Speaker
Description
Accurate simulation of nuclear-voltaic battery performance can provide valuable insight into optimal power generation through novel nuclear-voltaic designs. Rigorous models require the use of Monte Carlo methods along with electrostatic field simulations, detailed charge generation, and correct treatment of the charge propagation. This paper presents simulations for a silicon carbide (SiC) planar Schottky detector that was configured as an alpha-voltaic power cell using 241Am electrodeposited on its Schottky metal contact. The model integrates a detailed electric field model from finite element software COMSOL Multiphysics into a Monte Carlo based simulation using the Allpix2 framework. The approach is applicable to the study of complex semiconductor devices when exposed to various radioactive sources or environments.

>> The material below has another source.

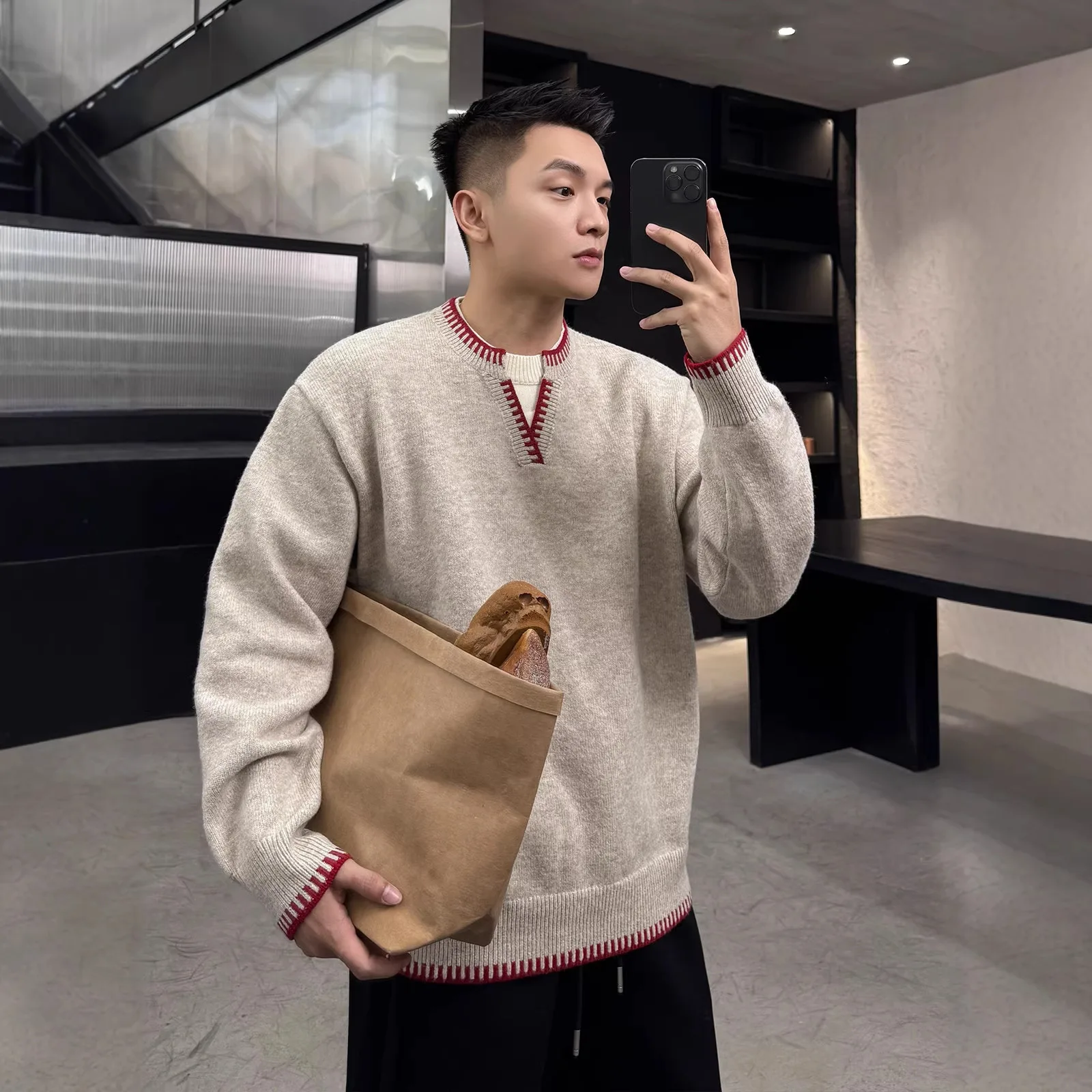 Autumn Winter Half Zip Hooded Sweater Men's Loose Japanese Casual Pullover Top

The use of Monte Carlo based software such as Geant4 and Allpix2 in combination with COMSOL or TCAD is a relatively recent development, but not entirely new. However, this paper details an approach that accurately models the charge propagation in SiC using a SiC specific mobility model in a relatively novel detector configuration. The results can be used as a baseline validation of the approach, lending credibility to the simulation approach when applied to more complex device geometries of more intricate electric field distributions
In this study, the alpha spectrum are simulated from a custom SiC detector having 241Am electrodeposited onto its surface, as well as simulations of other SiC detectors where the 241Am source is located some distance from the SiC detector. The simulated alpha spectra are compared to experimental data recorded from the custom SiC detectors. The charge propagation details such as charge collection time and propagation paths of the SiC detectors are quantified and illustrated. The comparisons show good agreement between the modeled and experimental data.